Angry Birds HD – It’s taken the world by storm this year and Angry Birds for iPad is just as good as on any other platform. The extra screen space provides a little more room to perfect your aim as you skillfully (or not) attack those evil pigs with waves of agitated avians.
Flight Control HD – Another game to make the leap from the iPhone to Apple’s tablet, Flight Control HD sees you guiding planes into land with your finger. With multiple planes, helicopters, runways and helipads, it all gets very frantic very quickly. With a larger screen and higher resolution than the iPad version, there’s a lot more to keep your eye on here. It can be frustrating, but you’ll probably find yourself coming back for ‘Just one more go’.
Scrabble for iPad – If you and your friends have two or more iPhones amongst you, Scrabble for iPad is a novel experience. With the iPad as your gameboard, the iPhones become your tile racks and you can ‘fling’ letters onto the board when it’s your turn to create a word. You can still play with just the iPad, but the wireless iPhone linkup makes this a digital take on the traditional family boardgame.
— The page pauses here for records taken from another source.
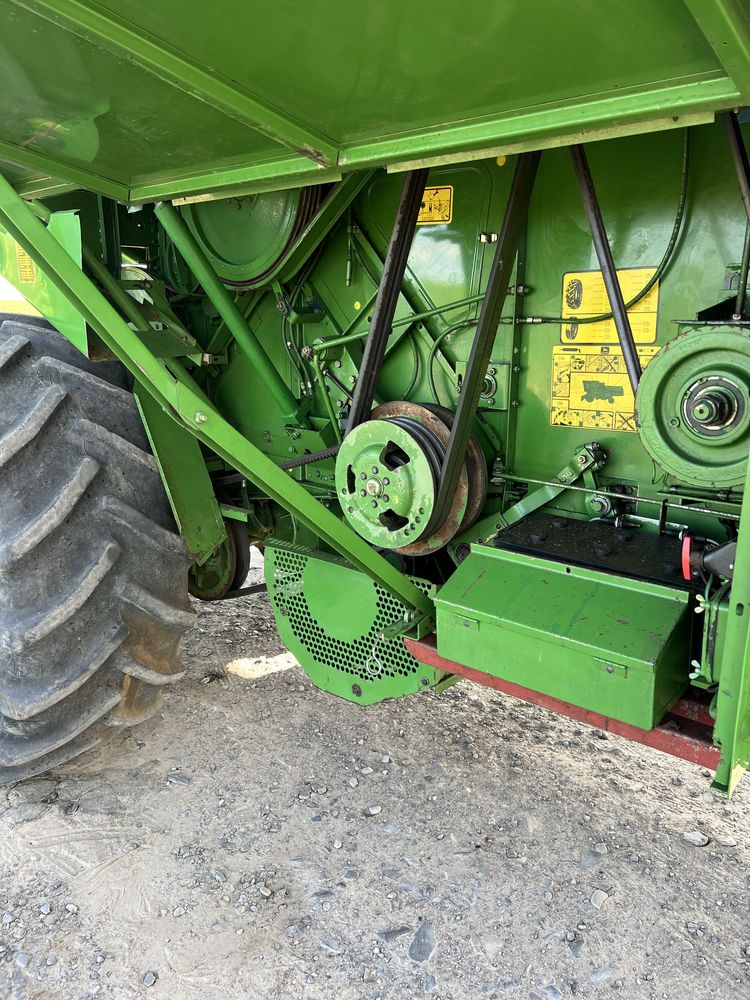 Свіжопривезений комбайн John Deere 1177 жатка шумахер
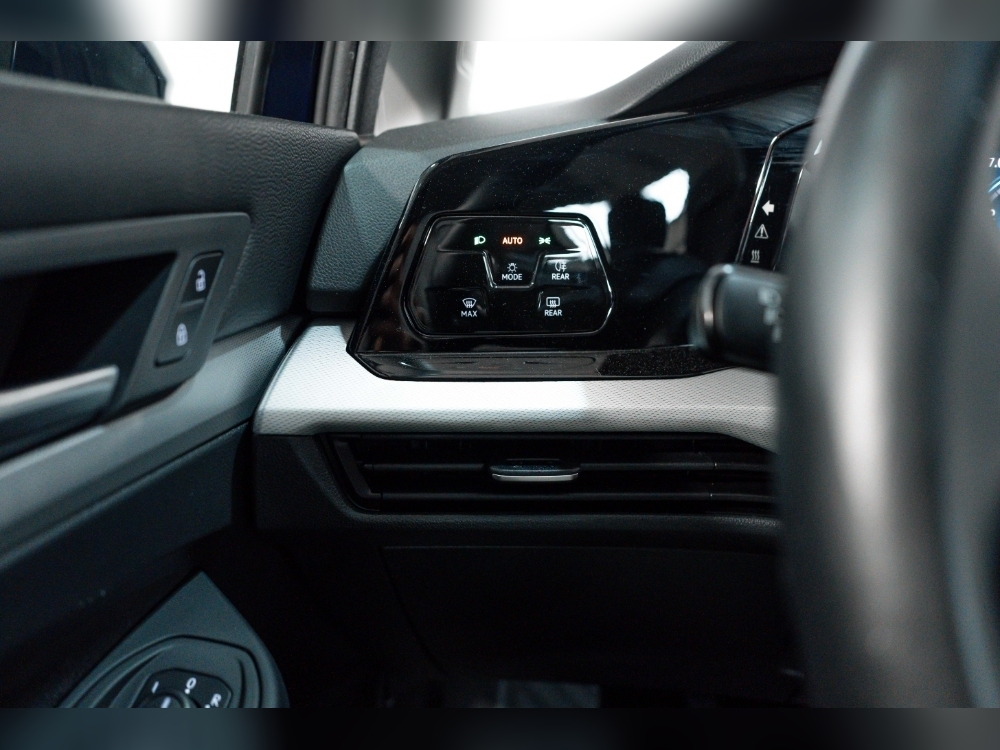 Volkswagen Golf VIII Life foto 16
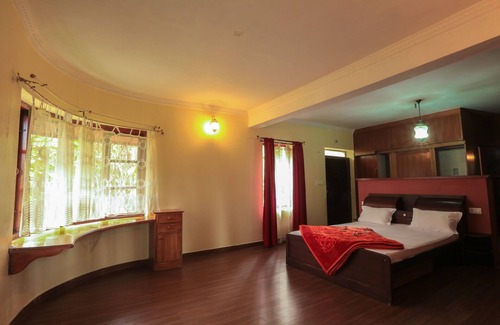 Naduvattam Villa | Xplore Indo's Woodbrook Estate Bungalow
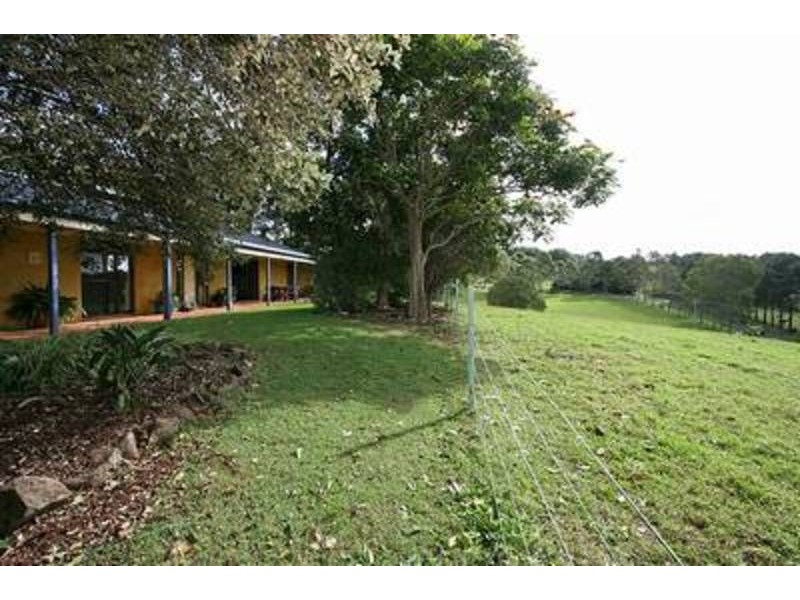 8 Killen Falls Drive, Tintenbar NSW 2478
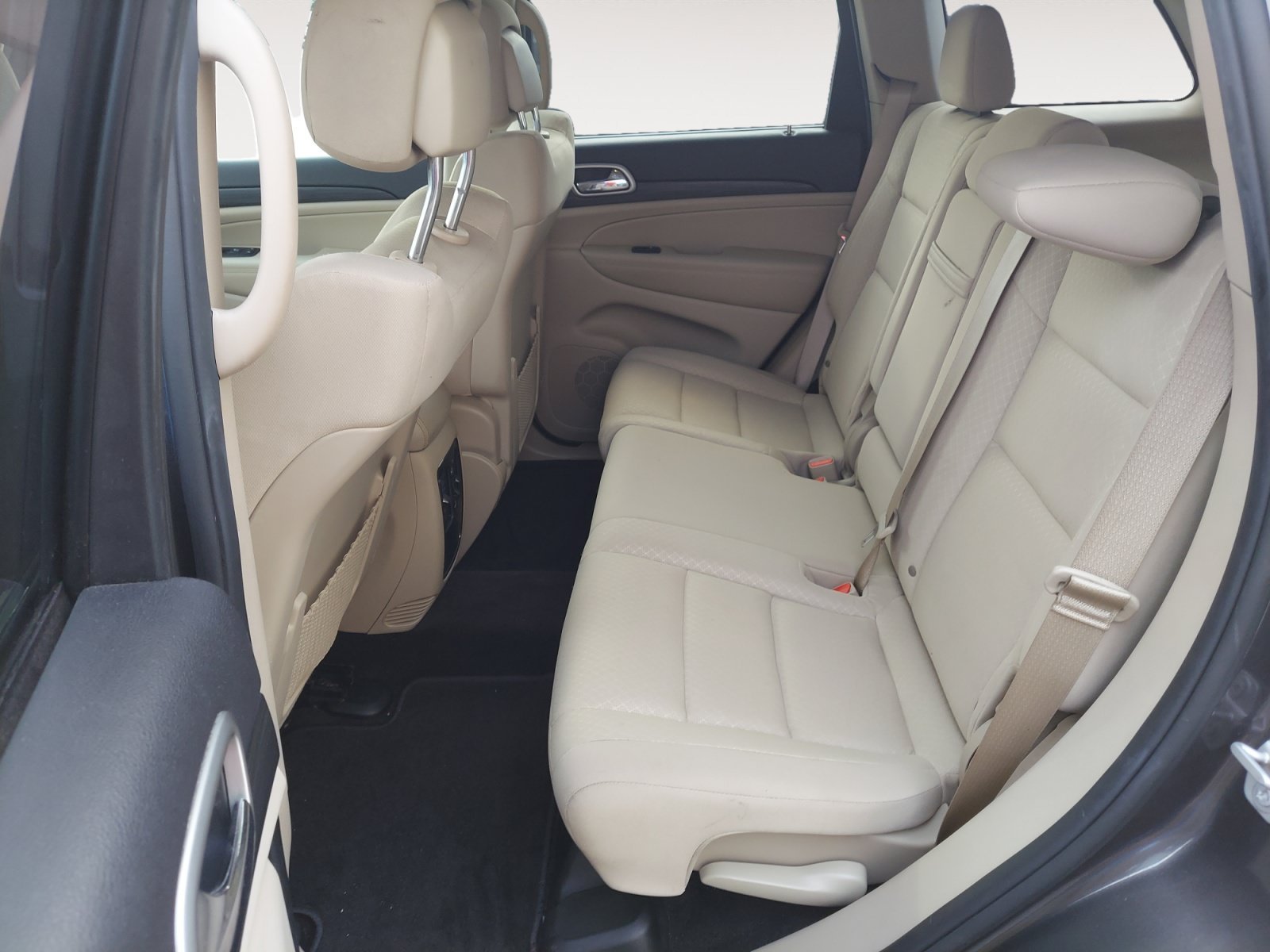 Used 2019 Granite Crystal Metallic Clearcoat Jeep Laredo E image 23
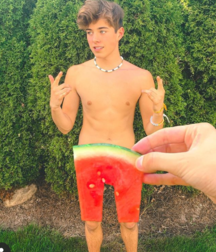 Cute boys 5d7b79a7a9d7e.png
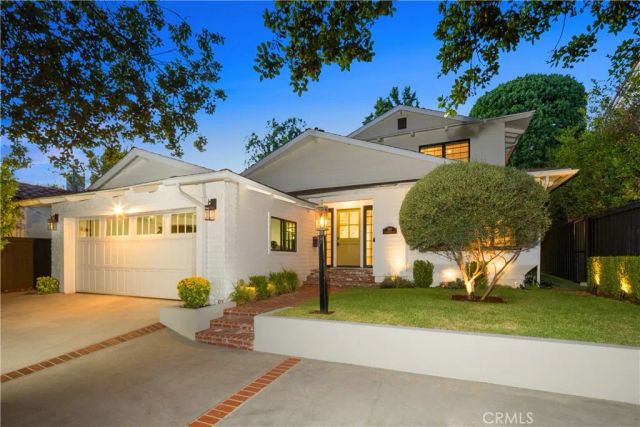 589 W Grandview Avenue, Sierra Madre, CA 91024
Real Racing HD – One of the first games to land on the iPad that really showed its potential as an advanced gaming platform, Real Racing HD sports impressively smooth and detailed 3D graphics and a ‘Turn your iPad to steer’ control system. With all that physical steering movement, you probably wouldn’t want to get involved in a game while out in public but it’s an exhilarating ride for sure.